■ Description of the task
Reproduce the lines from the one holding "Puerto Rico Conmigo Tough Case for iPhone®" to the end of the entries. Include both ends and change nothing.

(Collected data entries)
○ ○ ○

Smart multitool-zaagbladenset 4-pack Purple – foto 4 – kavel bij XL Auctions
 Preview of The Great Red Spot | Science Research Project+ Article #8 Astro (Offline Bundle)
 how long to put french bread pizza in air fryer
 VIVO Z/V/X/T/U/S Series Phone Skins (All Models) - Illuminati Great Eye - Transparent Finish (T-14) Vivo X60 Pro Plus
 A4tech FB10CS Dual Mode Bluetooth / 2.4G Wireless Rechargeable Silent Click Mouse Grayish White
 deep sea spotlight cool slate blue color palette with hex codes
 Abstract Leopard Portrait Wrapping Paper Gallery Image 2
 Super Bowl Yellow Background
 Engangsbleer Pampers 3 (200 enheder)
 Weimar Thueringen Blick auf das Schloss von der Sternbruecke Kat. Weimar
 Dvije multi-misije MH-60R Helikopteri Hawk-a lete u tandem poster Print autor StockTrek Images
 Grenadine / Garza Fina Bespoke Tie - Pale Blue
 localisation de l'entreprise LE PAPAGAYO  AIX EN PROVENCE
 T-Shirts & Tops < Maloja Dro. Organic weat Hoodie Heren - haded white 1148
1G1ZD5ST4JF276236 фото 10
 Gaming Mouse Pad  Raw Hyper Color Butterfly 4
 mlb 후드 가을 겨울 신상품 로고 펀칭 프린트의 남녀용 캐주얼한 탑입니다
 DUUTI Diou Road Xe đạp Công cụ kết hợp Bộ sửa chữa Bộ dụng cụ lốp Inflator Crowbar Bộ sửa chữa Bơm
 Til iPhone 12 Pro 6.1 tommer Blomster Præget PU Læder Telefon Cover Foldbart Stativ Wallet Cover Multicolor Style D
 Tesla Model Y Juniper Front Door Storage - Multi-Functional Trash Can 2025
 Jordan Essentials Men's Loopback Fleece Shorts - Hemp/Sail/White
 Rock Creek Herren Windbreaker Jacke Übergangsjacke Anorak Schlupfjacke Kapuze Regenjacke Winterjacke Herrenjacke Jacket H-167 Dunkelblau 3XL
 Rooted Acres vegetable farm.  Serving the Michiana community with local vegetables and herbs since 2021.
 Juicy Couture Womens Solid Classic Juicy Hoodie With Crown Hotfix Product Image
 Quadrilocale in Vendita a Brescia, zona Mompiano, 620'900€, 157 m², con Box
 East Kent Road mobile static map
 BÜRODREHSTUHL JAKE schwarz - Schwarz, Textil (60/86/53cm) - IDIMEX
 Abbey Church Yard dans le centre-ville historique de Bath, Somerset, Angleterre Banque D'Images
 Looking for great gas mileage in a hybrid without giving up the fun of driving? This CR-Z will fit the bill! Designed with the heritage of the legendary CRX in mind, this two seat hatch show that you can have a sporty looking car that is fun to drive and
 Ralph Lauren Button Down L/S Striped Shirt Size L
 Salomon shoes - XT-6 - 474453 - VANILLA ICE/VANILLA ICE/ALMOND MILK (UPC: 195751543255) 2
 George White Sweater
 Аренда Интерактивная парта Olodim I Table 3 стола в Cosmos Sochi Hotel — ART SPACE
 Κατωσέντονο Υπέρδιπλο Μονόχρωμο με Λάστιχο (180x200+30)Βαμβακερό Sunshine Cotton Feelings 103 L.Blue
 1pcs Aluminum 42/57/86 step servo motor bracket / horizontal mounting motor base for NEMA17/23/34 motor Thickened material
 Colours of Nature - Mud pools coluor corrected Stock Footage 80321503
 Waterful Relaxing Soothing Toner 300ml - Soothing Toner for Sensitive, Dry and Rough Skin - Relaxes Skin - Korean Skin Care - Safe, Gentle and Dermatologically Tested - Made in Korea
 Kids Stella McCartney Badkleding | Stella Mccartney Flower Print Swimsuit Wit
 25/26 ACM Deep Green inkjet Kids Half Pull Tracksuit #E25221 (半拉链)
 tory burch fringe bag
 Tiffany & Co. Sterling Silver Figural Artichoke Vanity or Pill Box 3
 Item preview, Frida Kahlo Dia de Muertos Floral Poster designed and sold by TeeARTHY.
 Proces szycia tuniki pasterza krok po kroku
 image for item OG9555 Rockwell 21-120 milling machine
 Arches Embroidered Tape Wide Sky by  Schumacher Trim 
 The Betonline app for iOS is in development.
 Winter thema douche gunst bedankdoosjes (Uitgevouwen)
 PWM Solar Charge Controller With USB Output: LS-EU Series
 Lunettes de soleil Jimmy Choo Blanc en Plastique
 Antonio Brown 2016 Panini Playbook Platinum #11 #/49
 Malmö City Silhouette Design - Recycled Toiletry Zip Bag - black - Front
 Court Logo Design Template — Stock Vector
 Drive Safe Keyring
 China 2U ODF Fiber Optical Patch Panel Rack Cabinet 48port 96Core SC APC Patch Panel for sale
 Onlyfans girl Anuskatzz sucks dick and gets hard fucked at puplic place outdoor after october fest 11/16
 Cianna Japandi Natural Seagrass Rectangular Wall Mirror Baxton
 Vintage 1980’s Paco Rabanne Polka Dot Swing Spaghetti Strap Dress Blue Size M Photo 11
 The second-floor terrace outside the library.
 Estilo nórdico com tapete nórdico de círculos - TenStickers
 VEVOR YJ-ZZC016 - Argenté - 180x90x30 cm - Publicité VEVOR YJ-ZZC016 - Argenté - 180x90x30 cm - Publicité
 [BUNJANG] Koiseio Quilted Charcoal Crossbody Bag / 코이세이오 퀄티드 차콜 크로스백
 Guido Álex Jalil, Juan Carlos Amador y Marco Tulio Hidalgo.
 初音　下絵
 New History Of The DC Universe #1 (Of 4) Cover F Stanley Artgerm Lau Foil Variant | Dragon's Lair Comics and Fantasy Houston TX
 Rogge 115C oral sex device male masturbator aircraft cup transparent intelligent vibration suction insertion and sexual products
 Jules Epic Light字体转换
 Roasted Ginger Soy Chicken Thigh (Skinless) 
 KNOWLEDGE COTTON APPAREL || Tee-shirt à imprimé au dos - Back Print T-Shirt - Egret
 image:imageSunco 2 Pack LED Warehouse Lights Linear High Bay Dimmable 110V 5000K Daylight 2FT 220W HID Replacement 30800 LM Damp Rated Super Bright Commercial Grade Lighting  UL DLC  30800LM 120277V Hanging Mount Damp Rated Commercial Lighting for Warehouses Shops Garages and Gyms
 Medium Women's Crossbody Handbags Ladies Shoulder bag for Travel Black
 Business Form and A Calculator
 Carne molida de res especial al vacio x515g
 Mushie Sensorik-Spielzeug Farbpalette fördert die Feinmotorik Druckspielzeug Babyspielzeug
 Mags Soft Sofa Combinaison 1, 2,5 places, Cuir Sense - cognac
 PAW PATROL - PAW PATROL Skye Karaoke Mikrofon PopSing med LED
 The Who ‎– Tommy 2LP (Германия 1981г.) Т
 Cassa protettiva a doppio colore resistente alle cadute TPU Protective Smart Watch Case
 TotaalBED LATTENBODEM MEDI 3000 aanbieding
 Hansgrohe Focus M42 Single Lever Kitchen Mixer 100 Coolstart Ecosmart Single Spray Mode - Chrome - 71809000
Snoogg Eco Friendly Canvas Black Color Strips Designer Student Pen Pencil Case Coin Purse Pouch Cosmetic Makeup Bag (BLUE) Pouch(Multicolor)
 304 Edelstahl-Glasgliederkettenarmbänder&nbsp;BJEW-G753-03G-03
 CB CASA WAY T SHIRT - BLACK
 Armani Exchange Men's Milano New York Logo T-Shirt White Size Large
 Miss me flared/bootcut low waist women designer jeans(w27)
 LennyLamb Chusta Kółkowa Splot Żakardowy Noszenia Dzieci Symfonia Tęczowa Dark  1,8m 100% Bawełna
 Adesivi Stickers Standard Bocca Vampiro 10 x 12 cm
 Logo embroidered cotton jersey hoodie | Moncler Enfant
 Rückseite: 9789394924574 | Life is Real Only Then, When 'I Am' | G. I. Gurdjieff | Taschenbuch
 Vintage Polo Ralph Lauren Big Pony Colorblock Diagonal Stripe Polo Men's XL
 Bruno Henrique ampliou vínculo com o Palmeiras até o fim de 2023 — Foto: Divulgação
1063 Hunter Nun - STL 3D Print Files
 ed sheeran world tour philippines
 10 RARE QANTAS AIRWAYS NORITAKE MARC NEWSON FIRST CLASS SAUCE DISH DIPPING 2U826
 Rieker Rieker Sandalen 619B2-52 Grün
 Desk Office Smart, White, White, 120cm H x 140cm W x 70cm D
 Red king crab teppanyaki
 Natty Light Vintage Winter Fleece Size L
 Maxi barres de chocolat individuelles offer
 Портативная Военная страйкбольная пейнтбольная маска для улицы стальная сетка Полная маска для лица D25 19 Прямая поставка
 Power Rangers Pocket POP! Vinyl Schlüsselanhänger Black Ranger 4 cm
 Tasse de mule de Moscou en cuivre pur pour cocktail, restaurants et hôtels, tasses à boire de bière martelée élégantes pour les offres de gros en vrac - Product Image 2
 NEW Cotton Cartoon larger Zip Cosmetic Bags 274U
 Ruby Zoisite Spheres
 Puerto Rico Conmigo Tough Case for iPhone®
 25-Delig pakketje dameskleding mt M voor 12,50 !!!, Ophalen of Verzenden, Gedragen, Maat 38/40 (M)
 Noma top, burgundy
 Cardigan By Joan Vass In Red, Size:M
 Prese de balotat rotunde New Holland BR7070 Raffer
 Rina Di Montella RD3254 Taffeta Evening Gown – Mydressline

○ ○ ○

■ Output for this exercise
 Puerto Rico Conmigo Tough Case for iPhone®
 25-Delig pakketje dameskleding mt M voor 12,50 !!!, Ophalen of Verzenden, Gedragen, Maat 38/40 (M)
 Noma top, burgundy
 Cardigan By Joan Vass In Red, Size:M
 Prese de balotat rotunde New Holland BR7070 Raffer
 Rina Di Montella RD3254 Taffeta Evening Gown – Mydressline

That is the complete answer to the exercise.